You are not understanding the difference between these two very polar opposite Laws/Covenants.  This is why you're having problems reconciling NT scripture.  Because Paul is not contradicting himself when he tells us to not do one tradition and to "hold fast" and do another tradition.   

This is why then that the apostle Paul tells us this:  2 Thessalonians 3:6

Now we command you, brethren, in the name of our Lord Jesus Christ, that ye withdraw yourselves from every brother that [U][SIZE=4]walketh disorderly, and not after the tradition which he received of us.  

 

Paul is telling the difference between Christian tradition and the OT Jewish traditions there.  Do you see that?
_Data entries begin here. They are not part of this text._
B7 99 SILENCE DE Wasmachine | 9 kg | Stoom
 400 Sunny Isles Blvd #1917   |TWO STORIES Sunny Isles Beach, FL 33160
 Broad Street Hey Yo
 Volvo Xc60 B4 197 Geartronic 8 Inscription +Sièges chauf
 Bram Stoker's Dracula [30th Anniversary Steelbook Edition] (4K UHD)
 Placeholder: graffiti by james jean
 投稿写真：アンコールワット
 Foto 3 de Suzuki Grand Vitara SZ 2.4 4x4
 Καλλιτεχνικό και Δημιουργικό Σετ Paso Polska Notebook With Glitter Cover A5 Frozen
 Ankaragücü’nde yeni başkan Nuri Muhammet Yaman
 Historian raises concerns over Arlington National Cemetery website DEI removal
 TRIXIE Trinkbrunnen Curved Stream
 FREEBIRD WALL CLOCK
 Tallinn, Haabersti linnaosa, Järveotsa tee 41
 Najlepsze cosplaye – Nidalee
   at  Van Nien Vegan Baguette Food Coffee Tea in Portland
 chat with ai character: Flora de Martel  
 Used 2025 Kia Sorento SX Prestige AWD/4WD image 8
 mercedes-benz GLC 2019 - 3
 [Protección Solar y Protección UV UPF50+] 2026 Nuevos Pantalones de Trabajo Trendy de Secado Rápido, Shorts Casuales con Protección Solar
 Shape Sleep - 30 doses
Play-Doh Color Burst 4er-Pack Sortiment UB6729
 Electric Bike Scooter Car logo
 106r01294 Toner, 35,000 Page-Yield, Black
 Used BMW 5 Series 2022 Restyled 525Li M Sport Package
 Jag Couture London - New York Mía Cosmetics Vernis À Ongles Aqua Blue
Then here again Paul tells us which traditions we are to stand fast and hold on to--being our Christian traditions and not the OT Jewish ones:


2 Thessalonians 2:15

Therefore, brethren, stand fast, and hold the traditions which ye have been taught, whether by word, or our epistle.






Mark 7  

Then came together unto him the Pharisees, and certain of the scribes, which came from Jerusalem. And when they saw some of his disciples eat bread with defiled, that is to say, with unwashen, hands, they found fault. For the Pharisees, and all the Jews, except they wash their hands oft, eat not, holding the tradition of the elders. ...

Bible search results




Matthew 15:2

Why do thy disciples transgress the tradition of the elders? for they wash not their hands when they eat bread.



Matthew 15:3

But he answered and said unto them, Why do ye also transgress the commandment of God by your tradition?



Matthew 15:6

And honour not his father or his mother, he shall be free. Thus have ye made the commandment of God of none effect by your tradition.



Mark 7:3

For the Pharisees, and all the Jews, except they wash their hands oft, eat not, holding the tradition of the elders.



Mark 7:5

Then the Pharisees and scribes asked him, Why walk not thy disciples according to the tradition of the elders, but eat bread with unwashen hands?



Mark 7:8

For laying aside the commandment of God, ye hold the tradition of men, as the washing of pots and cups: and many other such like things ye do.

 

Mark 7:9

And he said unto them, Full well ye reject the commandment of God, that ye may keep your own tradition.

 

Mark 7:13

Making the word of God of none effect through your tradition, which ye have delivered: and many such like things do ye.



Galatians 1:14

And profited in the Jews' religion above many my equals in mine own nation, being more exceedingly zealous of the traditions of my fathers.



Colossians 2:8

Beware lest any man spoil you through philosophy and vain deceit, after the tradition of men, after the rudiments of the world, and not after Christ.



2 Thessalonians 2:15

Therefore, brethren, stand fast, and hold the traditions which ye have been taught, whether by word, or our epistle.

 

2 Thessalonians 3:6

Now we command you, brethren, in the name of our Lord Jesus Christ, that ye withdraw yourselves from every brother that walketh disorderly, and not after the tradition which he received of us.

 

1 Peter 1:18

Forasmuch as ye know that ye were not redeemed with corruptible things, as silver and gold, from your vain conversation received by tradition from your fathers;

----------


## erowe1

"people were still living who had been alive when Jesus Christ died on the cross. (let that sink in for a moment)."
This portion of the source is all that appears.